Thursday, April 13, 2006

A 19-year-old Turkish man has been jailed for nine years and three months by a German court for shooting his sister in a so-called honor killing

BBC News:

Ayhan Surucu had confessed to shooting his sister Hatun Surucu, 23, at a bus stop in a Berlin suburb last year.

Two other brothers were cleared of charges of conspiring to murder her.

Prosecutors said the brothers felt dishonoured by their sister, who lived on her own with her son after leaving a cousin she had been forced to marry.

The death of the 23-year-old shocked Germany and led to street protests by Turkish women.

The Berlin court's presiding judge Michael Degreif said Hatun Surucu was killed "because she lived her life as she saw fit" and had adopted Western ideas of sexual equality, the AFP news agency reports.

Her killer, Ayhan Surucu, had told the court he shot his sister because he disapproved of her lifestyle and her morals, but added that he regretted his actions.

He said she infuriated him by saying that she had the right to live as she pleased and to sleep with whom she wanted.
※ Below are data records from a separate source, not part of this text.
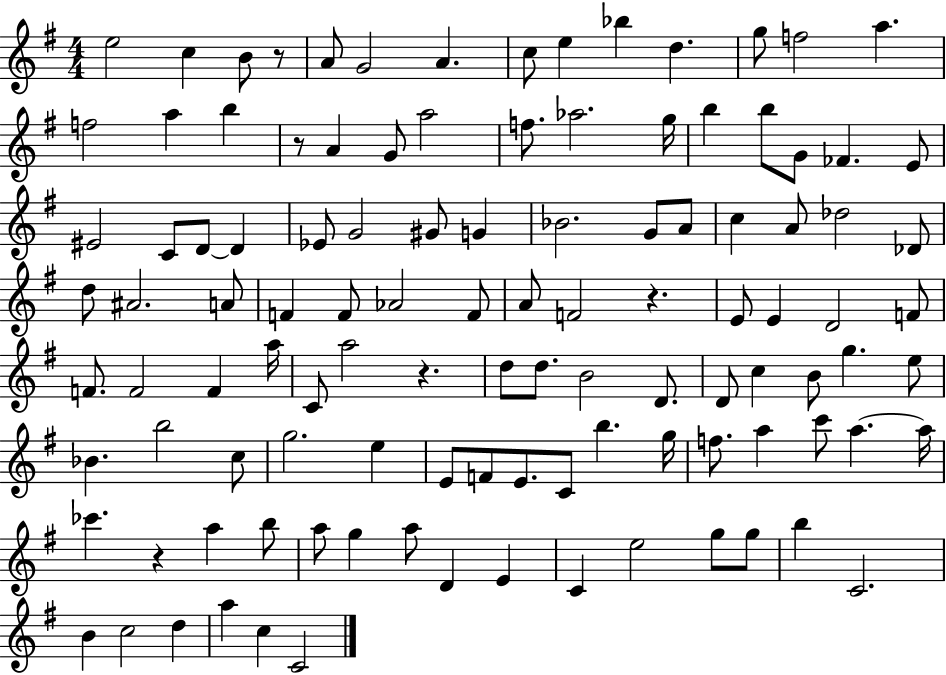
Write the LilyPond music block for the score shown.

{
  \clef treble
  \numericTimeSignature
  \time 4/4
  \key g \major
  \repeat volta 2 { e''2 c''4 b'8 r8 | a'8 g'2 a'4. | c''8 e''4 bes''4 d''4. | g''8 f''2 a''4. | \break f''2 a''4 b''4 | r8 a'4 g'8 a''2 | f''8. aes''2. g''16 | b''4 b''8 g'8 fes'4. e'8 | \break eis'2 c'8 d'8~~ d'4 | ees'8 g'2 gis'8 g'4 | bes'2. g'8 a'8 | c''4 a'8 des''2 des'8 | \break d''8 ais'2. a'8 | f'4 f'8 aes'2 f'8 | a'8 f'2 r4. | e'8 e'4 d'2 f'8 | \break f'8. f'2 f'4 a''16 | c'8 a''2 r4. | d''8 d''8. b'2 d'8. | d'8 c''4 b'8 g''4. e''8 | \break bes'4. b''2 c''8 | g''2. e''4 | e'8 f'8 e'8. c'8 b''4. g''16 | f''8. a''4 c'''8 a''4.~~ a''16 | \break ces'''4. r4 a''4 b''8 | a''8 g''4 a''8 d'4 e'4 | c'4 e''2 g''8 g''8 | b''4 c'2. | \break b'4 c''2 d''4 | a''4 c''4 c'2 | } \bar "|."
}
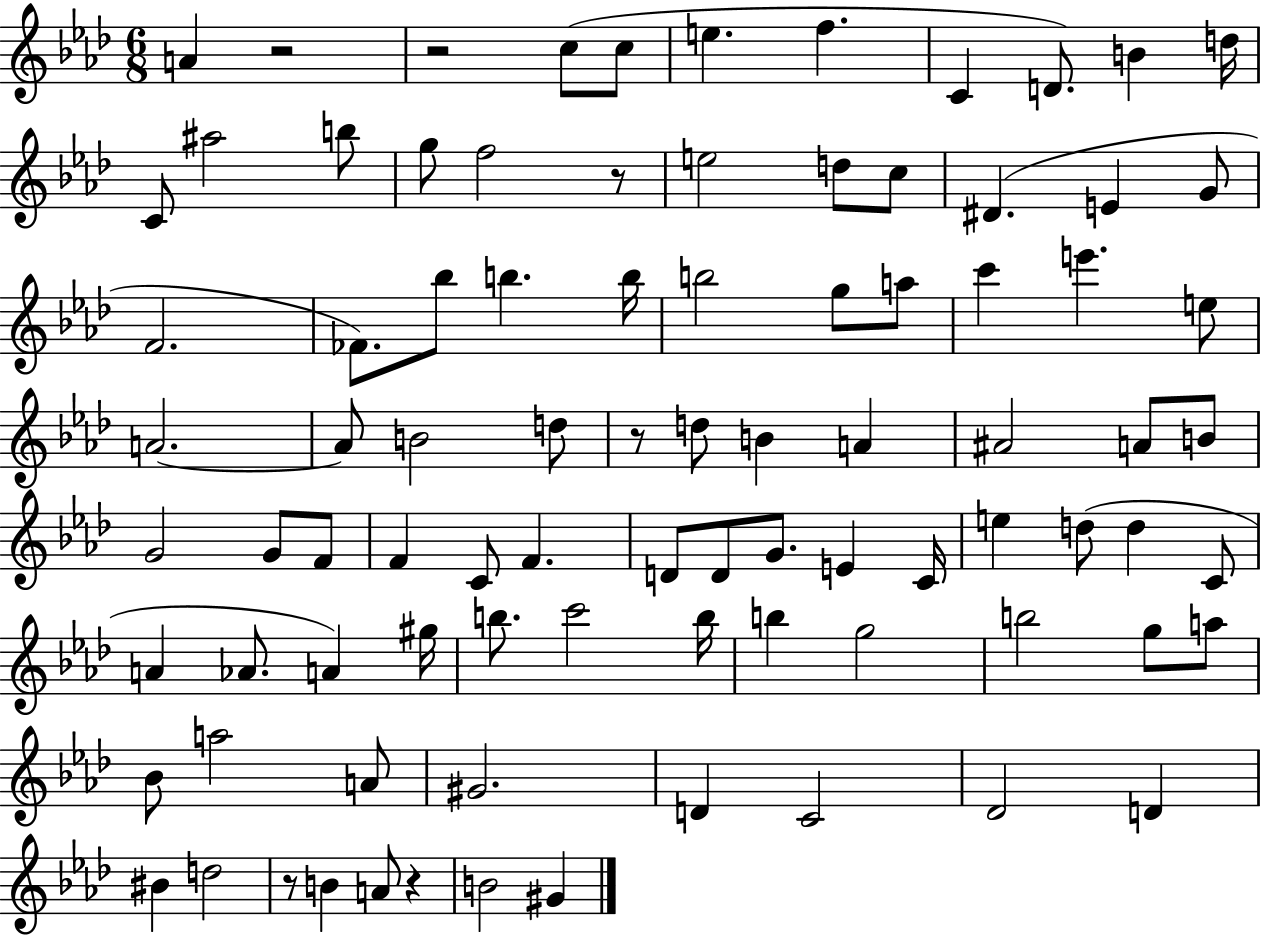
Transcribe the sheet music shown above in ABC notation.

X:1
T:Untitled
M:6/8
L:1/4
K:Ab
A z2 z2 c/2 c/2 e f C D/2 B d/4 C/2 ^a2 b/2 g/2 f2 z/2 e2 d/2 c/2 ^D E G/2 F2 _F/2 _b/2 b b/4 b2 g/2 a/2 c' e' e/2 A2 A/2 B2 d/2 z/2 d/2 B A ^A2 A/2 B/2 G2 G/2 F/2 F C/2 F D/2 D/2 G/2 E C/4 e d/2 d C/2 A _A/2 A ^g/4 b/2 c'2 b/4 b g2 b2 g/2 a/2 _B/2 a2 A/2 ^G2 D C2 _D2 D ^B d2 z/2 B A/2 z B2 ^G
"It was too much for me. I grabbed the pistol and pulled the trigger," he told the court in September. "I don't even understand what I did anymore."

Hatun Surucu was the sixth victim of honour killings among Berlin's 200,000-strong Turkish community in as many months. The German police listed 45 cases between 1996 and 2004 - with 13 in Berlin.

She had been married to her cousin eight years before in an arranged marriage, but had then run away - taking her five-year-old son with her.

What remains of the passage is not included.